Behold, He that keepeth Israel shall neither slumber nor sleep

Excerpt from the essay The Spirit of Violence and the Matter of Peace in Does It Matter? by Alan Watts

This quote about Israel captured my attention because of the war that broke out these past couple weeks. I’m astounded that this psalm was so prescient.

More and more, the scientists are saying that man must now take his future evolution into his own (i.e., the ego’s) hands, and rely no longer upon the caprices of “natural selection.” Yet those who speak thus do not seem to realize that this is going to require increasing violence against “deviant” forces within the individual and within society. The aspiration to direct evolution is also the aspiration to be “as God,” and thus—as God is generally conceived in the West—to be dictator of the world.

But, as the psalm says, “Behold, He that keepeth Israel shall neither slumber nor sleep.” This is really the same as the saying that “There is no peace for the wicked,” for those who, like the tyrant-image of God, take the law into their own hands. For our traditional model of the universe is basically military.

Alan Watts, Does It Matter?, The Spirit of Violence and the Matter of Peace

A couple pages later this paragraph caught my attention:

Only a supernaturalist would deliberately press the button to set off nuclear warfare, in the belief that his spiritual values are more important than material existence. And this involves the open or tacit supposition that the spiritual dimension is immortal, that in heaven or on some higher level of vibration unaffected by bodily death he will continue his existence, congratulating himself on his fidelity to principle and wagging the finger of reproof at the surprisedly immortal souls of dialectical materialists, eating crow in the sky instead of pie.
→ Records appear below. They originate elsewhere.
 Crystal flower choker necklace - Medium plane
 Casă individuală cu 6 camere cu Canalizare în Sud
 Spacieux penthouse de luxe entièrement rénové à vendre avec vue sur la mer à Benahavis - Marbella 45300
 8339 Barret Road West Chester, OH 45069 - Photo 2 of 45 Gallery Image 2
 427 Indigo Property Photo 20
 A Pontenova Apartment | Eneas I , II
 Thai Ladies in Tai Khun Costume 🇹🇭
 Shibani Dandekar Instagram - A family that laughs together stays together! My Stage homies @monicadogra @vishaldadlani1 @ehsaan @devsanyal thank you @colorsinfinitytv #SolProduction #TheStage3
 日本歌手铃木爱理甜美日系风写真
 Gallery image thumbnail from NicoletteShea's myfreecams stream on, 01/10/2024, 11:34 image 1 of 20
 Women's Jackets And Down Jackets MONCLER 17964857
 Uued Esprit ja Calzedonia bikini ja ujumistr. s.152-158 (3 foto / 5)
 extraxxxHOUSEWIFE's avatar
This simply goes to show that belief in the superiority and final authority of the rational, intellectual, conceptual, and symbolic domain as the ultimate reality may be inconsistent with the survival of mankind.

Alan Watts, Does It Matter?, The Spirit of Violence and the Matter of Peace

It is perhaps the truth that the most horrible people have the best intentions.

I’m reminded of Alan when he talks about the priests who burned people at the stake in the hopes that they would repent because they truly believed that they had a chance of saving them from eternal damnation.

“Kindly let me help you or you will drown said the monkey putting the fish safely up a tree.”